**EXERCISE AIM**
Write the listing below out again in full, dropping its pictures.

**DATASET SECTION**

»»

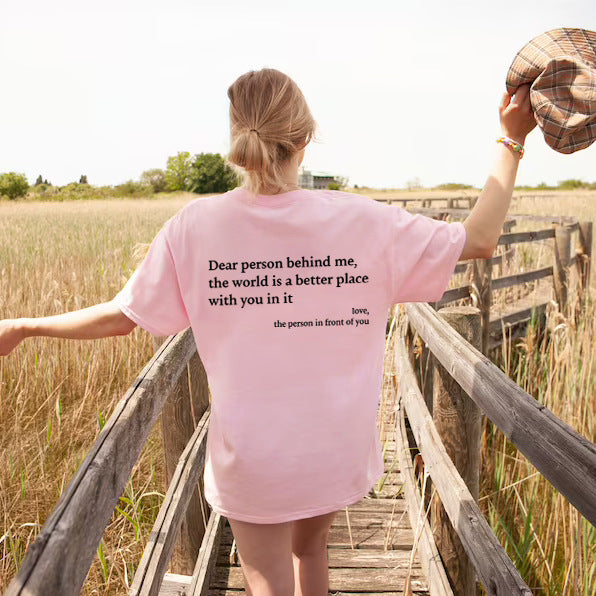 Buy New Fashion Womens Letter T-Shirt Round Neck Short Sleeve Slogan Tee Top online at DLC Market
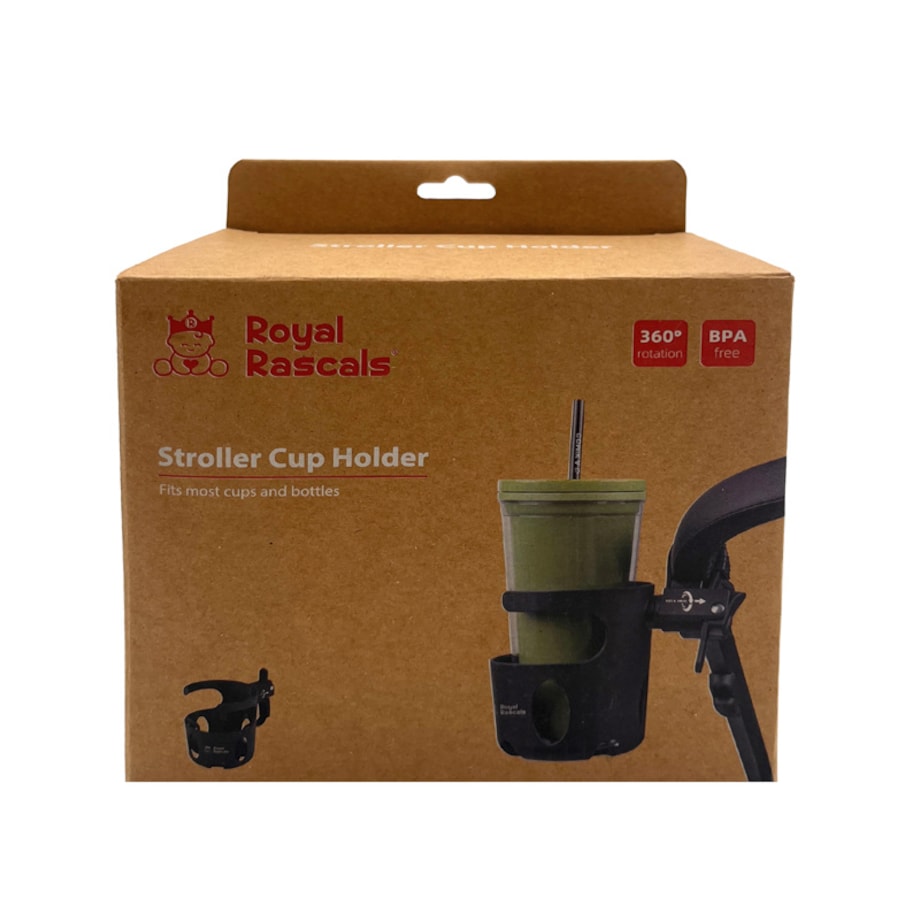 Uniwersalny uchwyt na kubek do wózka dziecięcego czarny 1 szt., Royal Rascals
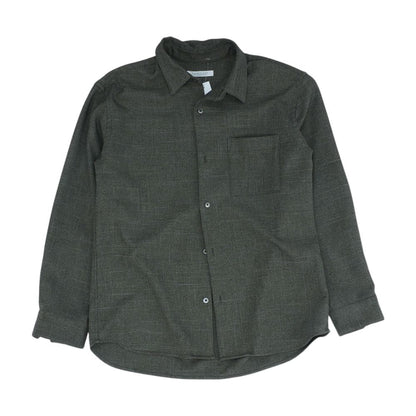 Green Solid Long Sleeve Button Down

««

**WRITTEN ANSWER**
 Buy New Fashion Womens Letter T-Shirt Round Neck Short Sleeve Slogan Tee Top online at DLC Market
 Uniwersalny uchwyt na kubek do wózka dziecięcego czarny 1 szt., Royal Rascals
 Green Solid Long Sleeve Button Down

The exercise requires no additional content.